# Eight first class and six second class petty officers .?

• December 2nd 2009, 04:18 AM
aeroflix
Eight first class and six second class petty officers .?
Eight first class and six second class petty officers are on the board of the 56 club. In how many ways can the members elect, from the board, a president, a vice-president, a secretary, and a treasurer if the president and secretary must be first class petty officers and the vice-president and treasurer must be second class petty officers?

also.. the second question is

For the preceding example, suppose we are asked the following: In how many ways can the members elect the office holders from the board if two of the office holders must be first class petty officers and two of the office holders must be second class petty officers?
• December 2nd 2009, 06:00 AM
Soroban
Hello, aeroflix!

Here's the first part . . .

Quote:

Eight PO1's and six PO2's are on the board of the club.
In how many ways can the members elect, from the board,
a president, a vice-president, a secretary, and a treasurer
if the president and secretary must be PO1's
and the vice-president and treasurer must be PO2's?

We choose a President and a Secretary from the 8 PO1's.
. . There are: . $_8P_2 = 56$ ways.

We choose a V.P. and Treasurer from the 6 PO2's.
. . There are: . $_6P_2 = 30$ ways.

Therefore, there are: . $56\cdot30 \,=\,1680$ ways.

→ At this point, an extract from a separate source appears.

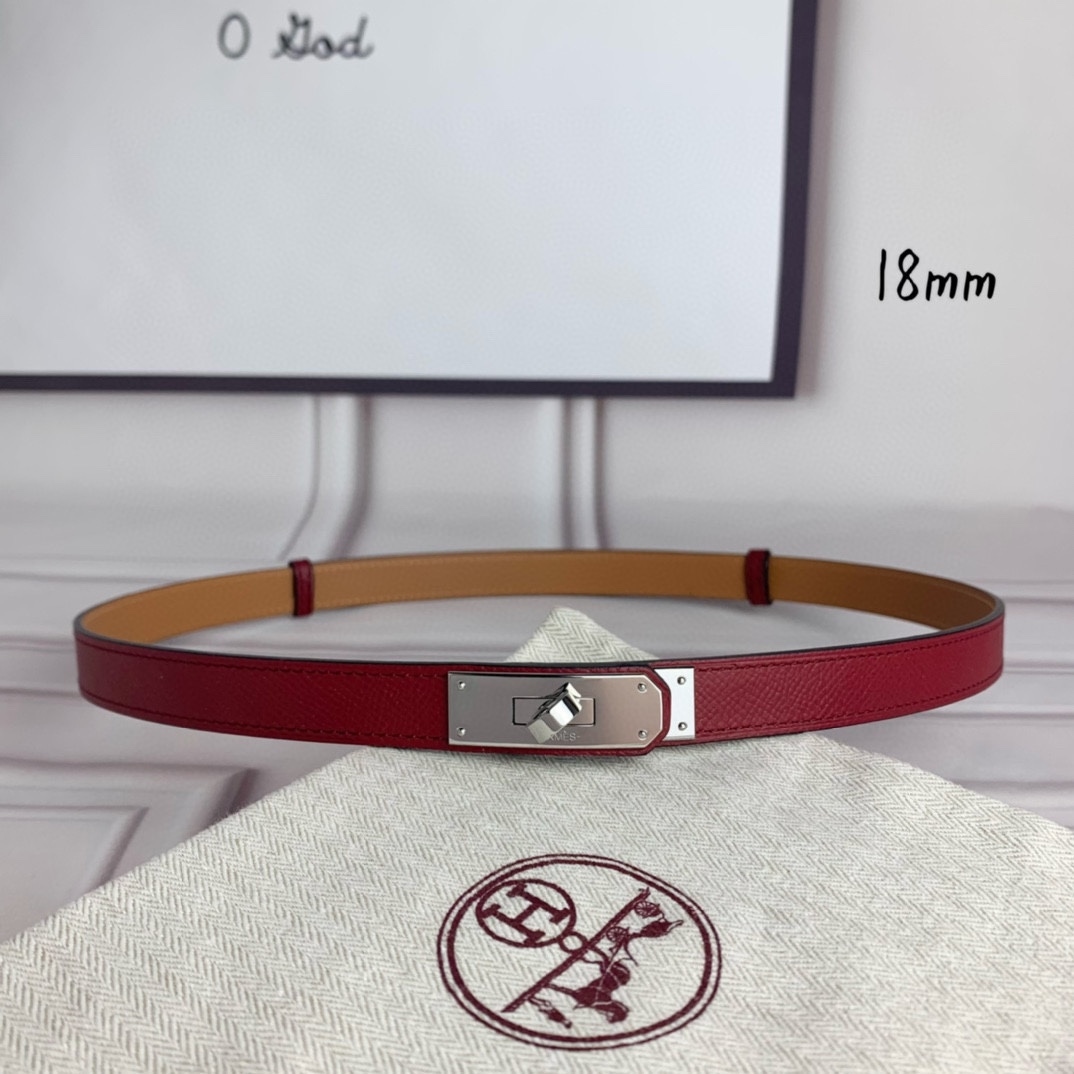 Yupoo Hermes Belt  Kelly 1.8Cm Reversible Red image 3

• December 2nd 2009, 12:20 PM
aeroflix
hello, thanks,, i dont get the second part.
• December 2nd 2009, 03:59 PM
emakarov
For the second question, I think you first need to select two offices (positions) out of four. They will be taken by first-class officers. The remaining two will be taken by second-class officers, so there is no choice in selecting the remaining positions. After that, you proceed as in question 1.
• December 2nd 2009, 10:00 PM
aeroflix
so i will mutiply the answer to 4C2? why?? cant it be 4C2 x 4C2, one for first class and one for second class
• December 3rd 2009, 02:23 AM
emakarov
Quote:

so i will mutiply the answer to 4C2?
Yes.
Quote:

cant it be 4C2 x 4C2, one for first class and one for second class
To count the number of ways to select something you need to represent the selection procedure as a series of choices. For example, to express $P(n,k)$ through $C(n,k)$ (i.e., the number of ordered sequences of length $k$ vs. the number of unordered sets of the same length) one can do the following. To choose a sequence of length $k$ from a set of $n$ elements, one first selects an unordered set of $k$ elements and then selects an ordering of those $k$ elements. So $P(n,k)=C(n,k)\cdot k!$.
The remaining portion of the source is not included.